#### [Work instructions]
Lines below starting with the line with "Buy this 2 bed" and going on through the line with "#Suite69 - Pornstar" must be output exactly; the rest of the records must be left out.

[Saved entries]

"""

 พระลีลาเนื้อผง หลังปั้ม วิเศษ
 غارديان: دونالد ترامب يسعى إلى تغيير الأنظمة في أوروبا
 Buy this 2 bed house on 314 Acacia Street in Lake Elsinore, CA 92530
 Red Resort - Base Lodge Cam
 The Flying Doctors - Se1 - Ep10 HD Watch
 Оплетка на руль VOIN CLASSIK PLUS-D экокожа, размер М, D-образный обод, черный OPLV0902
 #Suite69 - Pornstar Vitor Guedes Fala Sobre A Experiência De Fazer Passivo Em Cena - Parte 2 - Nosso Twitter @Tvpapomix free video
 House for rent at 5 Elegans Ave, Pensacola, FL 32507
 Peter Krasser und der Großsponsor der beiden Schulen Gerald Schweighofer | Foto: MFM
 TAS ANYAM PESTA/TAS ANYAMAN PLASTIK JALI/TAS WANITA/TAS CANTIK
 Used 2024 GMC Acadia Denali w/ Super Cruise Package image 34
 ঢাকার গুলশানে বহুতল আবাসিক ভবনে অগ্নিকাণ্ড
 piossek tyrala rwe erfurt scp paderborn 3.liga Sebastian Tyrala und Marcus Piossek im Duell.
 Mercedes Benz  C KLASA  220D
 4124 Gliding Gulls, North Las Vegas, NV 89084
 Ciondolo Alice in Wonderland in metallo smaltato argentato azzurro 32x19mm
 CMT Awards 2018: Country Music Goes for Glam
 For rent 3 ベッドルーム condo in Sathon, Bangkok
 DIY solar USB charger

"""

#### [Expected output]
 Buy this 2 bed house on 314 Acacia Street in Lake Elsinore, CA 92530
 Red Resort - Base Lodge Cam
 The Flying Doctors - Se1 - Ep10 HD Watch
 Оплетка на руль VOIN CLASSIK PLUS-D экокожа, размер М, D-образный обод, черный OPLV0902
 #Suite69 - Pornstar Vitor Guedes Fala Sobre A Experiência De Fazer Passivo Em Cena - Parte 2 - Nosso Twitter @Tvpapomix free video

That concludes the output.